#### Extracted records:
────────────────────────────────────────
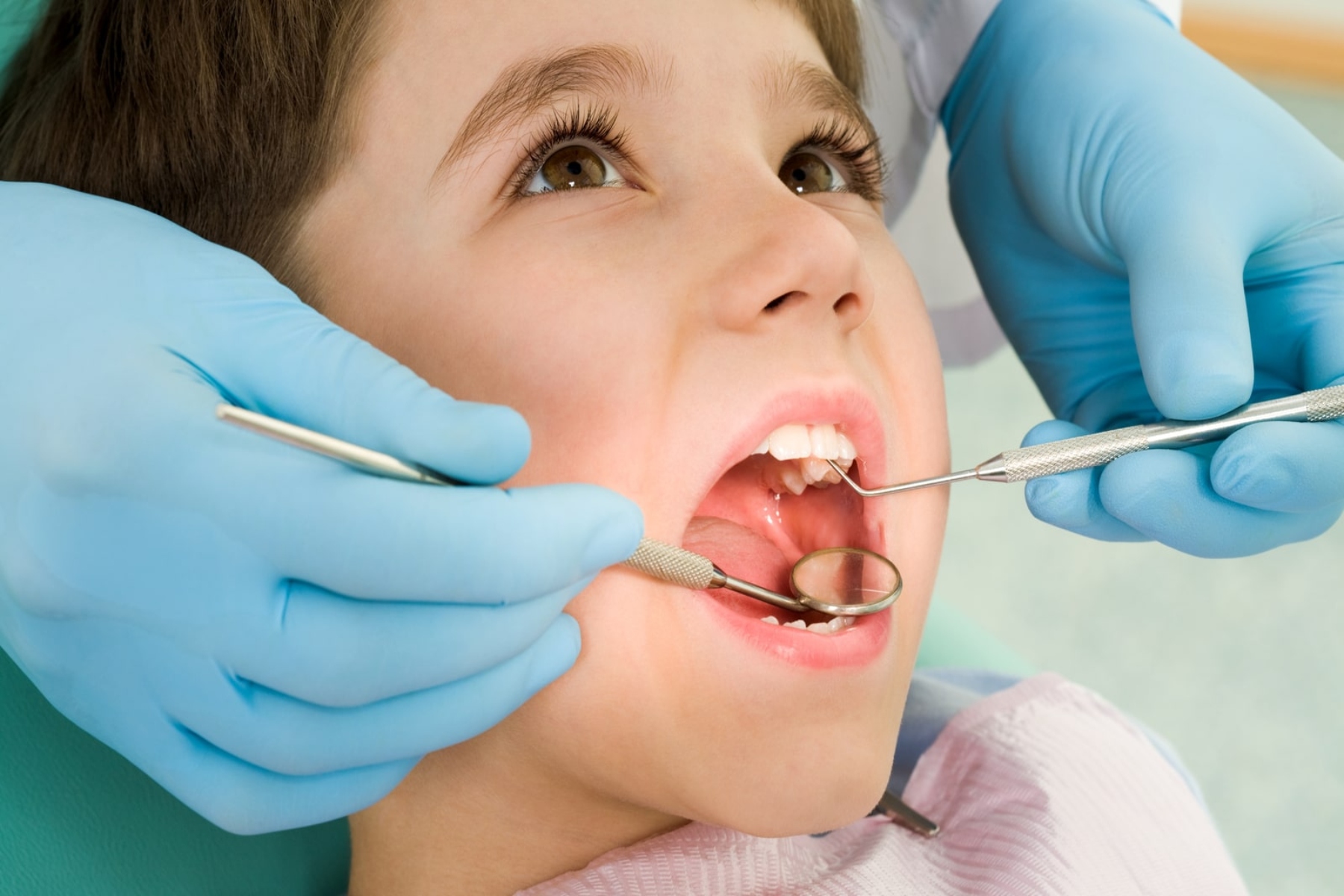 Τερηδόνα παιδιά: Προσέξτε αυτά τα πρώιμα σημάδια τερηδόνας στα παιδιά για να προστατέψετε τα δόντια τους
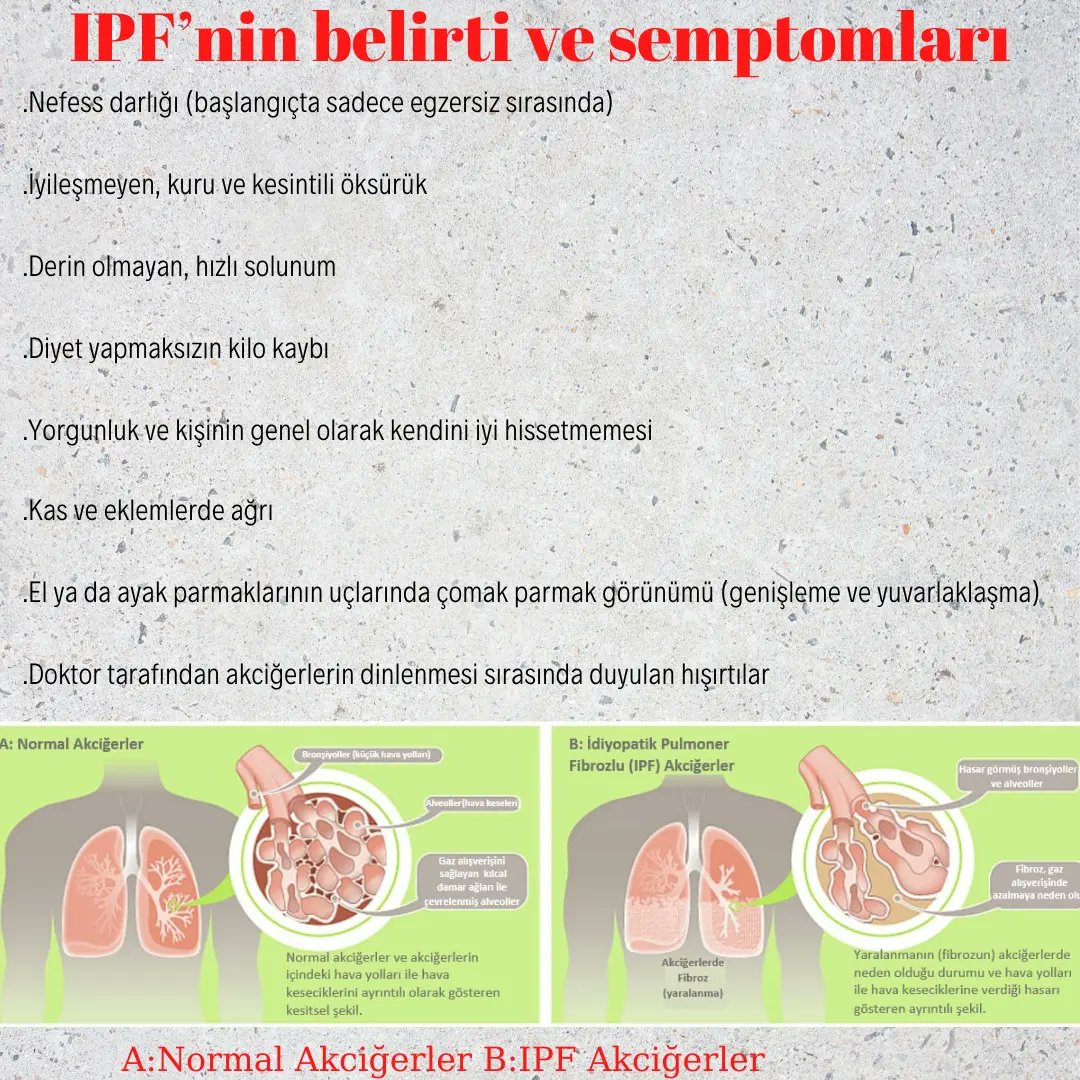 imunadir1's tweet photo. İPF NEDİR BELİRTİ VE SEMPTOMLARI NELERDİR? #idiyopatikpulmonerfibrözis #İPF #imünadir https://t.co/WE92QfPk8v
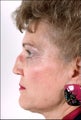Rhinoplasty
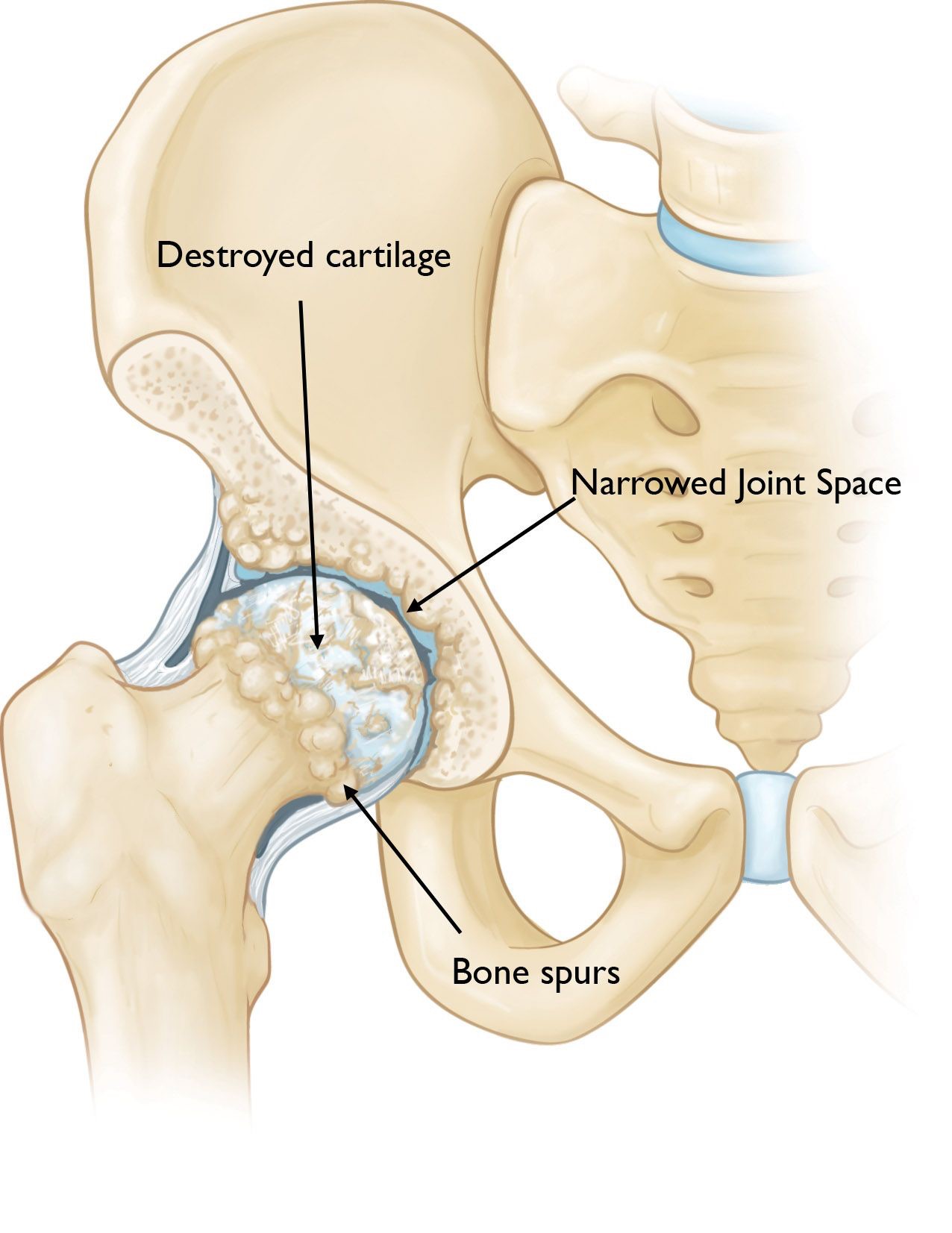 Osteoarthritis of the hip image 1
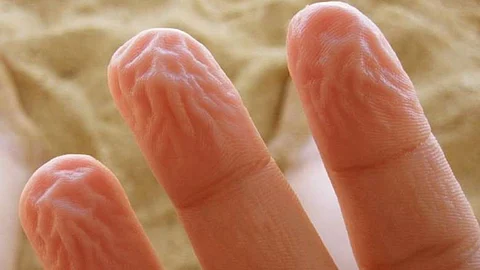 Why do our fingers and toes get wrinkly in water? Find out here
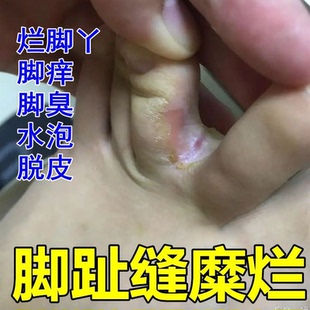 脚底脱皮起皮红肿指缝开裂发白膏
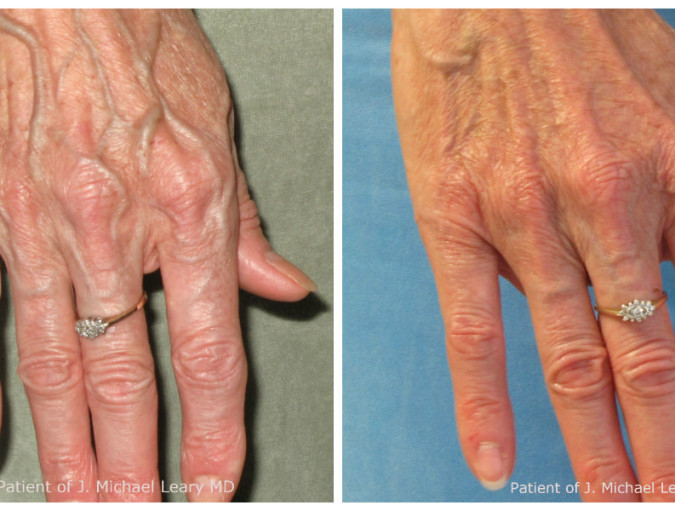 hand sclero closeup hand sclero closeup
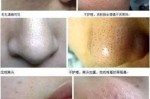 脸上有毛孔粗大如何改善,脸上毛孔粗大皮肤暗沉怎么办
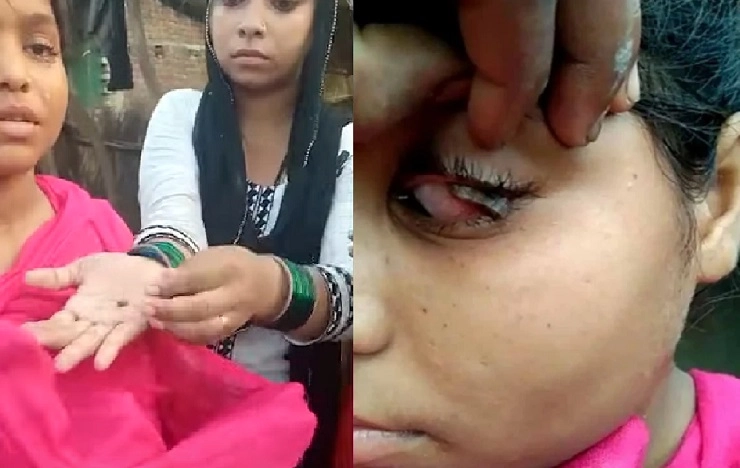 OMG! मुलीच्या डोळ्यातून टपकतात वाटाण्याच्या आकाराच्या खडे, डॉक्टरही हैराण; पाहा VIDEO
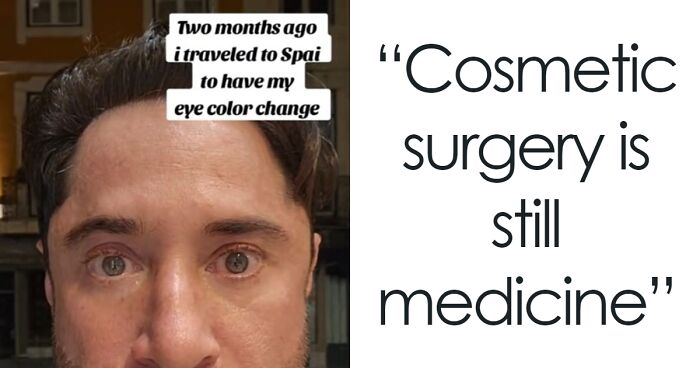 The Most Dangerous Cosmetic Procedure Is The “Trending” Eye Color-Change Surgery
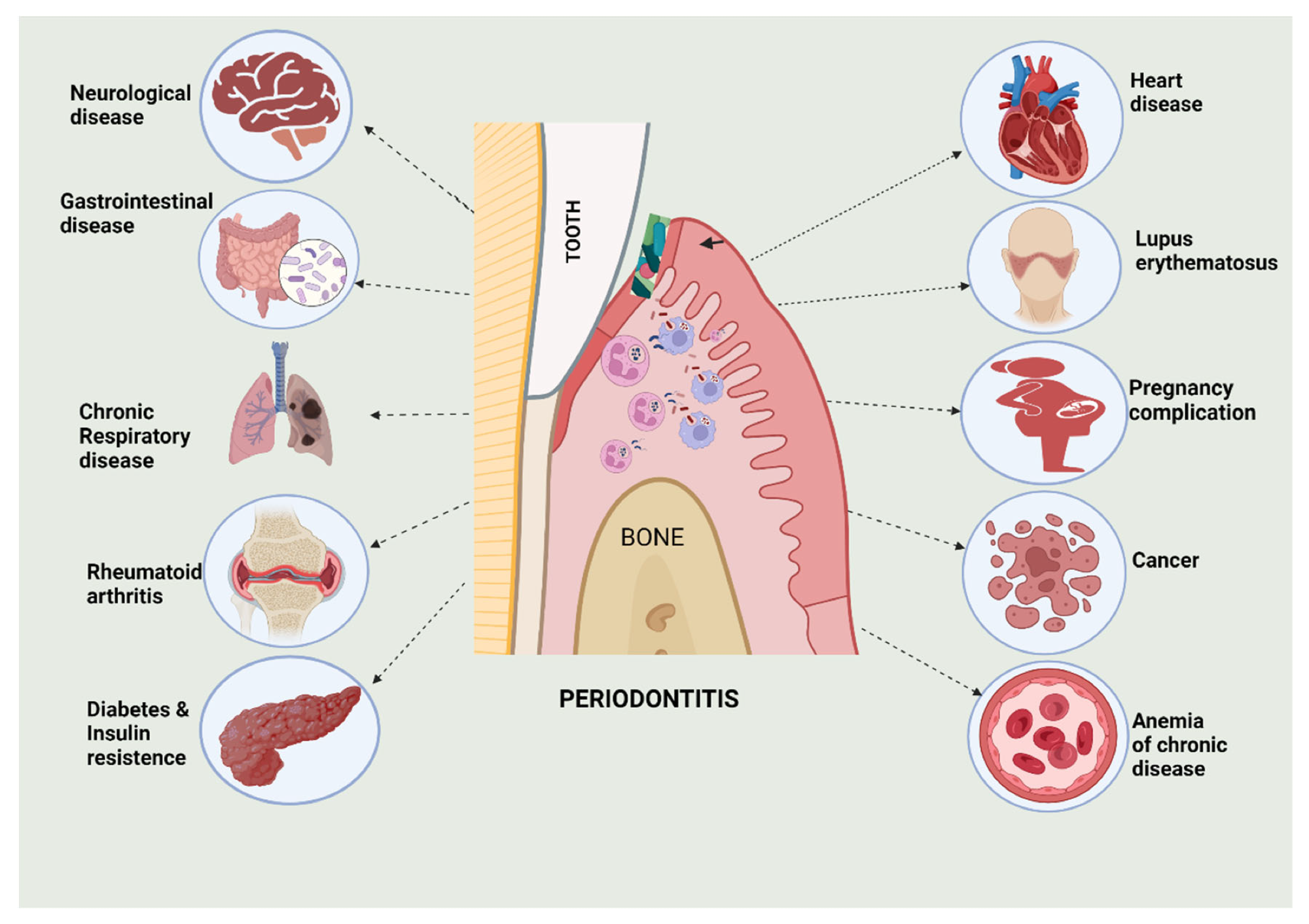 Representation of diverse systemic diseases and their relationship with periodontitis.2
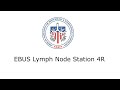 EBUS Lymph Node Station 4R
────────────────────────────────────────
#### WORK TASK:
The lines from the one holding "The Most Dangerous" through the end of the entries are to be transcribed exactly, both ends included, with the pictures left out.

#### EXPECTED ANSWER:
 The Most Dangerous Cosmetic Procedure Is The “Trending” Eye Color-Change Surgery
 Representation of diverse systemic diseases and their relationship with periodontitis.2
 EBUS Lymph Node Station 4R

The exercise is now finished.